The political landscape has changed. Civil society activism has changed. Groups and individuals are more willing and likely to criticize government policies. There are more protests at Speaker’s Corner and people are starting their own fb pages and blogs to express their views. Socio-political sites such as the online citizen continue to be forerunners in this regard.
What gave SDP its supporters like me is its focus on human rights, civil liberties and leftist politics; but this is also what attracts many of its detractors: those who think that civil liberties are an abstract and wooly concept. The SDP was ahead of the political curve: the freedoms it used to aggressively champion is now being taken up by other individuals and groups. However, there is of course still a lot that needs to be done to further the cause of civil liberties in Singapore. But instead of standing at a distance, shouting and urging us to beckon, should SDP start from where the people are and walk with them, even if that means ‘compromising’ on some principles?

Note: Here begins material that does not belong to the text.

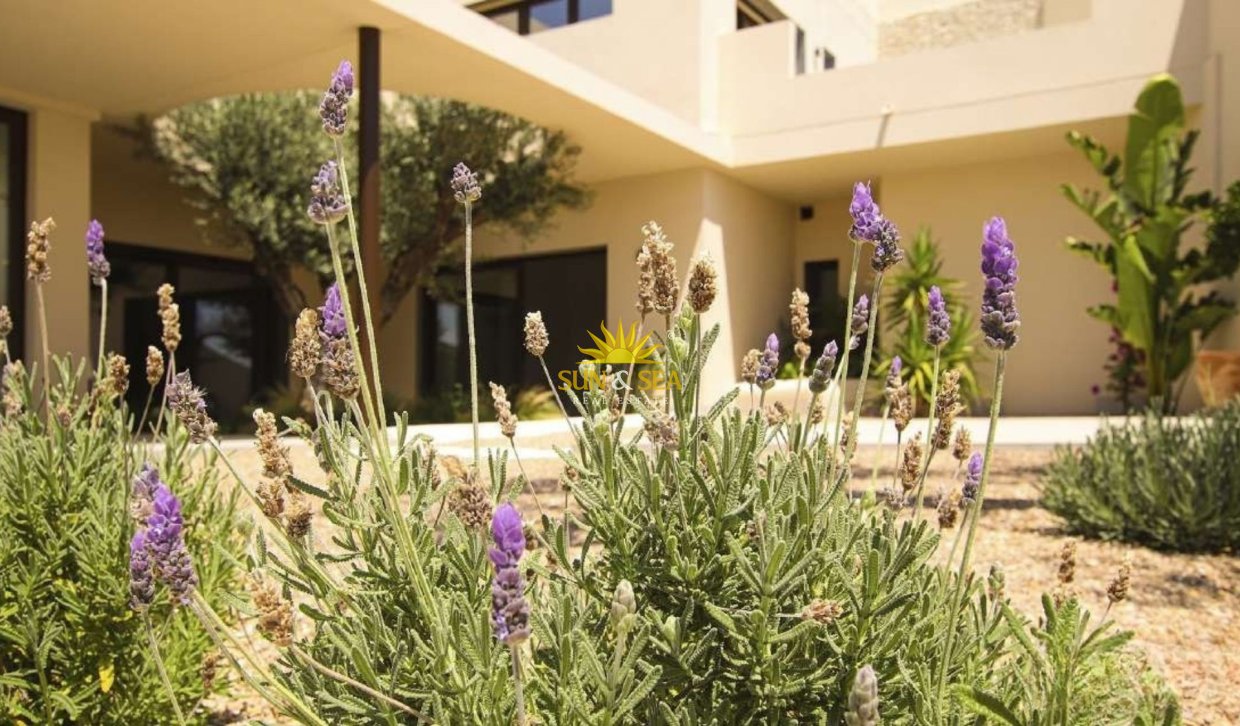 New Build - Villa - La marina - La Marina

No matter how we answer this question, one thing is clear: for better or for worse, SDP has left an uncomfortable legacy for civil society. But I don’t mean uncomfortable in a bad way. The discomfort is what we need to force us to think about and debate the direction of civil society. The SDP was a trail blazer and its politics was ahead of its time for Singapore. The question is whether we as citizens and those in civil society are willing and able to pick up the baton it has left behind, and continue to push the boundaries to make Singapore the truly democratic country we want it to become.